However further evidence was obtained by the discovery of a further witness and the discovery of the canopy remains and the pilots helmet a few days after the crash. A Mr Hambling had been waiting to catch a bus in Leech Lane when he saw the Attacker cross the road in a very fast inverted shallow dive and then saw an object fall away from the Attacker as it climbed steeply into the clouds , the object then crashed into the street and a thud was also heard behind some nearby houses, the jettison and canopy rails along with the pilots helmet were found on near by farm land about 2 miles from the crash site, the remains of the canopy were also later found in a dismantled state on a nearby farm already the perspex had started to be used as domestic fire lighters.

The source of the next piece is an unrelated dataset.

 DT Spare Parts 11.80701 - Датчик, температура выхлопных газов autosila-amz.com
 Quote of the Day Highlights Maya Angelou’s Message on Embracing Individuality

The Board of Inquiry later reconvened and ruled the Anoxia was considered to be the most likely cause of the accident to as it was known that a pilot suffering from this may carry out the most unusual manoeuvres without being aware of the fact. When taking into consideration the time factor of approximately 20 minutes that the pilot was airborne this also married up with previously suspected cases of anoxia in Attacker aircraft. The evolutions performed by the aircraft were also consistent with an aeroplane flying itself with very little assistance  from the pilot. The jettisoning of the canopy and a possible attempt at ejection at the moment of impact also pointed to a certain amount of returning lucidity to the pilot. The board also presumed that the pilot became Anoxic  in the climbing attitude with nose up trim on the aircraft and that the aircraft  then stalled and went into a dive from which, with increasing airspeed, it recovered and went into a climb due to the trim. From this climb the aircraft again stalled and repeated the manoeuvre, gradually loosing height. It would appear the pilot’s helmet had been unfastened and when the canopy left the aircraft the buffeting in the cockpit was sufficient to lift the helmet of the pilots head and out of the cockpit.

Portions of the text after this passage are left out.